三遠ネオフェニックスvs千葉ジェッツの第2戦、正ポイントカードの鈴木達也が欠場したために寺園脩斗が先発となり、河村と交互に出場することに。第1クォーター途中で投入された河村は、マークにつく富樫勇樹がスクリーンに対してアンダーで守ってフリーになったのを見逃さず、前日には4本打ってすべて落とした3ポイントシュートを決める。続いては激しく追い掛けた富樫のファウルを誘い、3本のフリースローをすべて決めた。

高い位置でダブルチームを仕掛けられても、前日に「スピードでは通用したと思います」と語ったクイックな動きでプレッシャーをかわしてボールを回す。ただ、立ち上がりからの重い展開を河村が速いテンポに変えた結果、千葉の持ち味であるトランジションバスケットが炸裂することになった。

それでも河村は、オフェンスリバウンドに飛び込んでそのまま押し込むタップシュート、スピードで縦に切り裂いてのヴィアチェスラフ・クラフツォフへのイージーシュートのアシスト、前からのプレッシャーディフェンスが自慢の藤永佳昭を振り切っての3ポイントシュートと、堂々としたプレーを披露する。

極め付けは第3クォーター残り2分半、左ウイングの位置から富樫に1on1を仕掛けて一瞬のスピードで振り切ったアタック。遅れた富樫の接触を受けながら、ゴール下で待ち構える田口成浩をダブルクラッチをかわしてシュートをねじ込み、バスケット・カウントを獲得。

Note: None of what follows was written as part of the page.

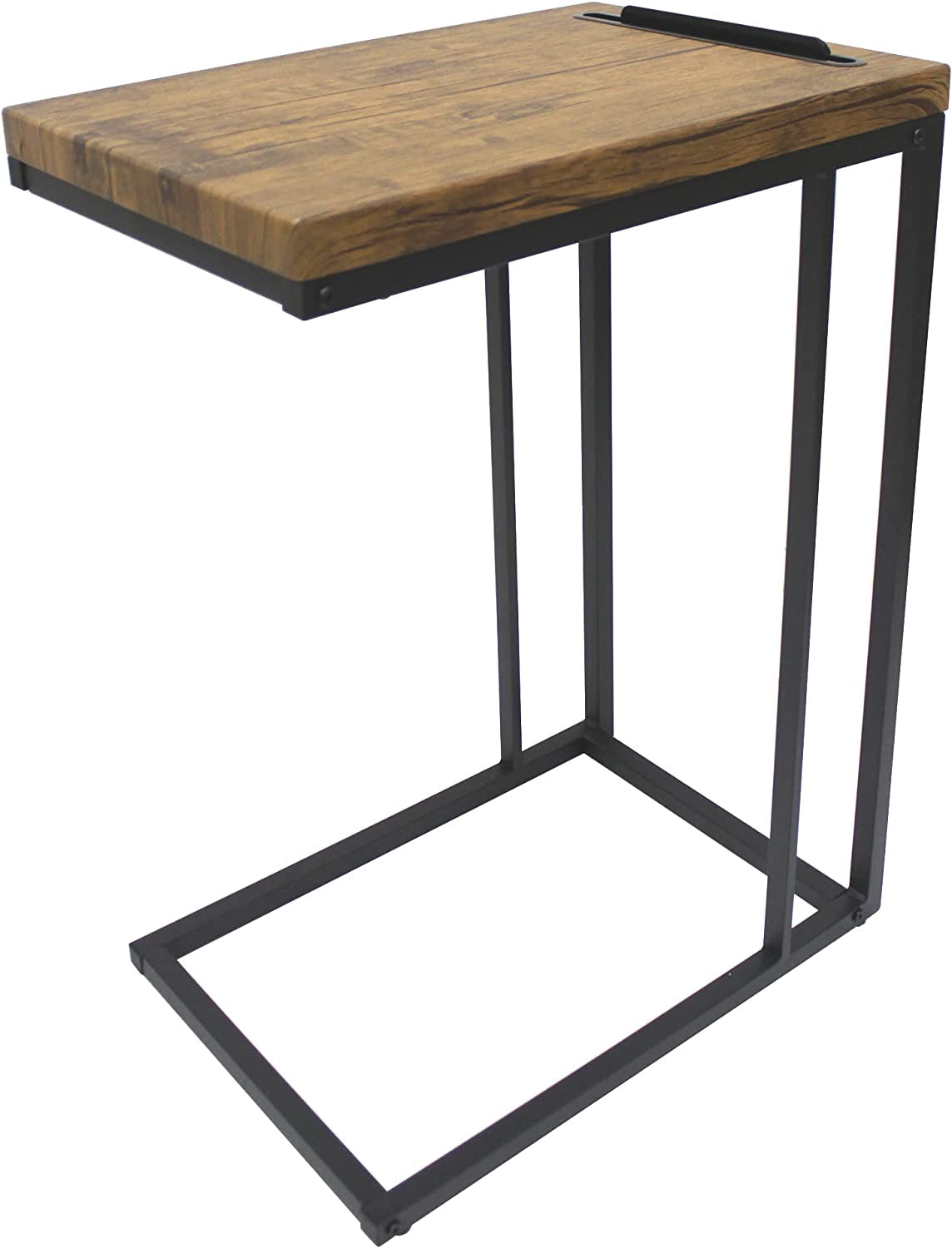 eHemco Slide Under Sofa C Table End Table Side Table with Coffee Top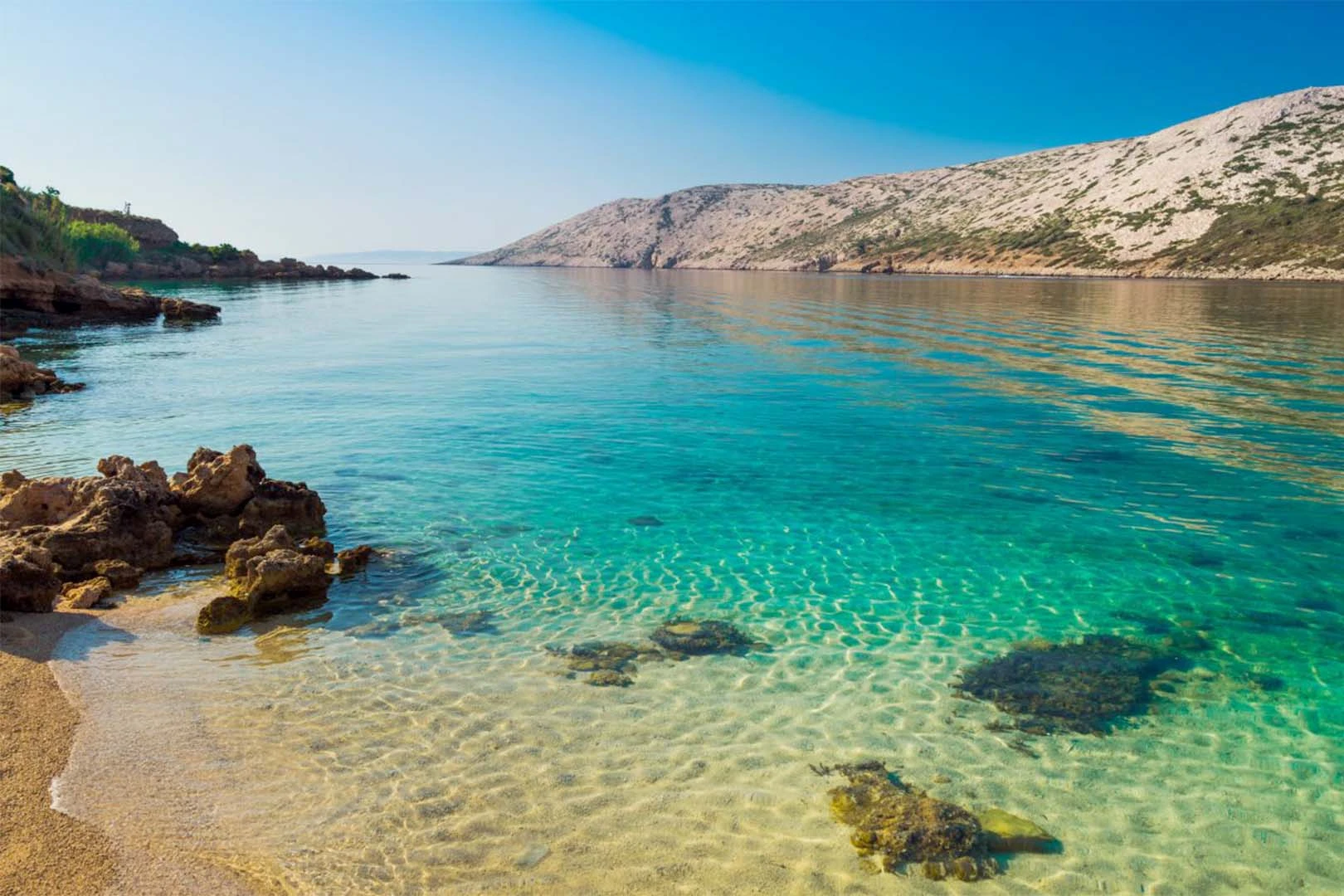 coastline of Barbat on Rab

力強いガッツポーズが飛び出す会心のプレーだった。また第4クォーター途中には速攻から自ら切り込むと見せかけて、身体の後ろを通してロバート・ドジャーにパス。鮮やかなダンクを演出して見せた。

河村勇輝

スコアラーとして活躍も、司令塔としては課題

もっとも、最終スコアは65-91。前半で28-48と大差が付き、後半もリードを保った千葉の完勝に終わっている。河村がアグレッシブなプレーでスタンドを沸かせるものの、まだ連携が構築されていないルーキーがオフェンスをリードすることでパスのタイミングが合わず、イージーなミスが重なった。結局、河村は6ターンオーバーを記録している。

3ポイントシュート3本成功を含む21得点、2リバウンド2アシストが河村の数字。それでも彼がコートに立っていた間の得失点差は-23で、スコアラーとしては持ち味を出したが、ポイントガードとしては課題が多く出た試合になった。

千葉としては河村のスピードに振り回されながらも、藤永がフェイスガードでプレッシャーを掛けることでミスを誘発。チームとしてフィールドゴール58本中29本成功(50%)と効率良くチャンスを作っては得点を重ね、さらに出場10選手全員が6得点以上を記録し、チームとしてのバランスの良さで三遠を寄せ付けなかった。

千葉はこれで7連勝。開幕から2勝5敗とスタートでつまずいたものの、その後は20勝5敗と快調に勝ち星を重ねて東地区上位に食い込みつつある。

一方の三遠は8連敗。それでも鈴木達也をアクシデントで欠いたことで河村の存在はさらに重要なものになっている。また今日の豊橋市総合体育館に今シーズン最多の3846人が集まったのは紛れもなく『河村効果』で、B1最下位に沈むチームに刺激を与える存在にはなっている。ここから環境に慣れ、チームメートと連携を高めることでどこまでやれるのか、期待は高まるばかりだ。